Perhaps for most women who had a close involvement with Greenham, a new book on the subject will be approached with a certain trepidation. Over the years there have been a few - some written by academics, others by women who lived at the camp - and for reasons including remoteness and subjectivity, none has been fantastically well-received. One reason for this is that not one of us has the “whole story”. We each have our own - and we know it.

In this book however, Ann Pettit has managed, with good humour, incisive wit and a solid political perspective, to acknowledge this and to tell us hers. The bones of the tale are well-documented and now solidly embedded in peace movement folklore. This book, essentially a personal memoir, puts the blood, sweat and tears into it.
 

How it really began

In terms of the camp, it covers the period from the 1981 Cardiff to Greenham walk (in which Ann is universally recognised as instigator) to 1984 when she last spent any significant time at the camp. However, as well as recounting the fantastic DIY spirit, dis-organisation, lack of professional campaigning skills, and surreal experiences of camp, it also offers a thread of familial experience from the 1930s on.

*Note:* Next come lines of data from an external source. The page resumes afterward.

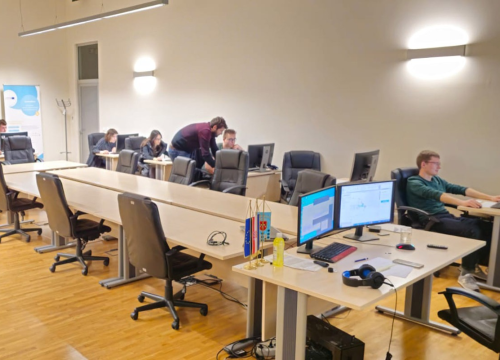 Fotografija 3 - Prijavite se na radionicu ‘Osnove modeliranja u programskom rješenju SolidWorks’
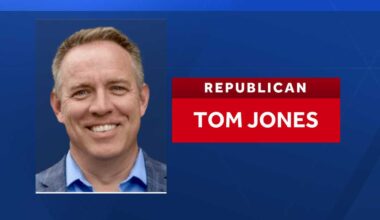 Tom Jones on the issues | Pa. 36th Senate District candidate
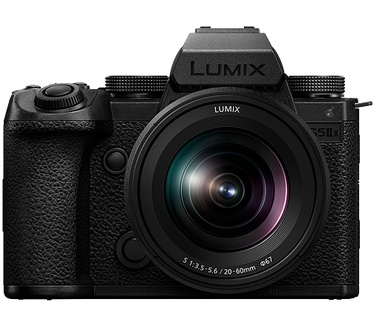 Panasonic S5IIX + Lumix S 20-60MM F3.5-5.6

It includes narratives of her father's communism and his dilemmas over the correct path to tread during the Second World War, and her mother's experience of life in occupied France - with her own dad in the resistance, and her decision not to turn away when the trains, carrying their human cargo east, passed through her village.

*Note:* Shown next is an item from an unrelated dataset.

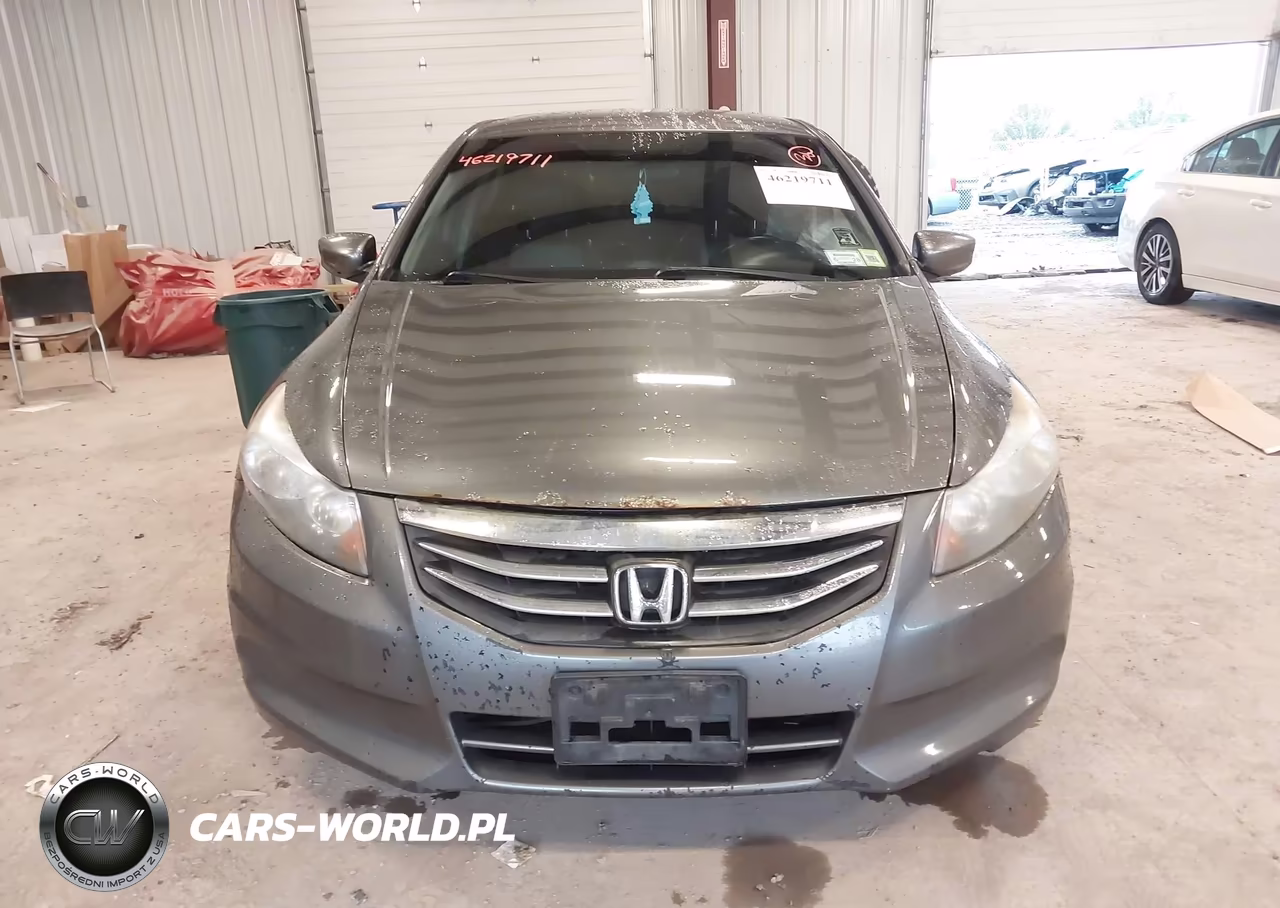 2012 Honda Accord 2.4 Se VIN:1HGCP2F6XCA058276 - 12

Doing what you can - even if that simply means bearing witness - seems to have been well-communicated; her family's values have no doubt helped shape and inform her life's journey.
 

Across the divide

The latter part - perhaps one third of the book - is dedicated to the story of the engagement of people in the British peace movement with those in the then USSR. They were motivated in part by the idea that ordinary people had to make connections with each other across the Iron Curtain in order for things to change.

Coming from a background where the workers' revolution and “Uncle Joe” were idealised, and operating in the Cold War climate herself - though with a much stronger critique of project USSR than her father - this bold approach was quite inspired.

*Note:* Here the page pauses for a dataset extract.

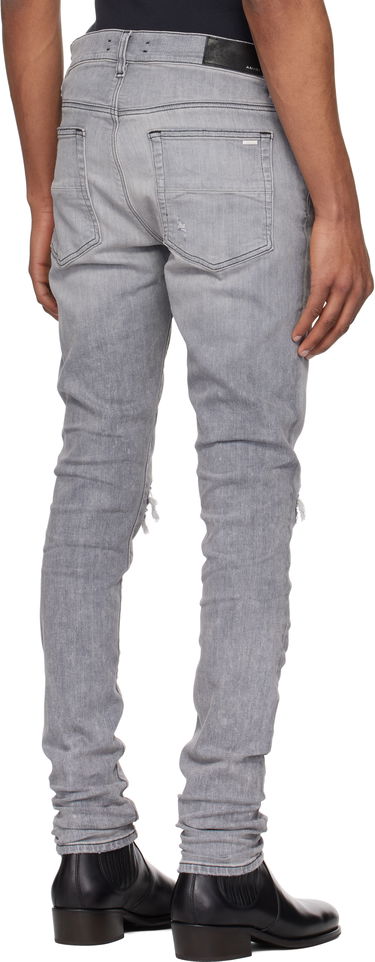 Jeans AMIRI AMIRI Boucle MX1 Jeans Grå | AMDNSY1119, 2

Her story of the Trust Group and of travelling to Russia has to be placed in context. These days you can hop on a plane and go pretty much anywhere if you have a British passport. In the early 1980s the situation was very different. Paranoid Soviet state control had reached insane levels, and internal dissent, contact with westerners and so on, was dealt with in a brutal manner. There were risks - small and great - for all concerned.
 

Life on earth

From her early adult years as a dope-smoking squatter in London, to the later chaos of motherhood in a dilapidated Welsh farmhouse surrounded by rubble, children, vegetables and animals (including Dolly the cow - who plays a small but important role in the Greenham story!), Ann well communicates the reality of trying to organise while also managing daily life.

Her connection to and appreciation of the earth - from an obvious love of the Common, to her gardening - also runs through this book. It is peppered with observations about the weather, the smell of the woods, and the brightness of the stars.
 

Her story

In a way, there is nothing to critique in this book because, although you might think some of the strategies (or lack of them) and approaches are not what you would have done, this is her story.

As a parting shot, Ann reminds us that the spirit that created Greenham is infinitely fertile and encourages new approaches for dealing with current issues. The power of this very readable, funny and moving, book is that it communicates the belief that everyone can make a difference - that each of us can do things to add new chapters to the story.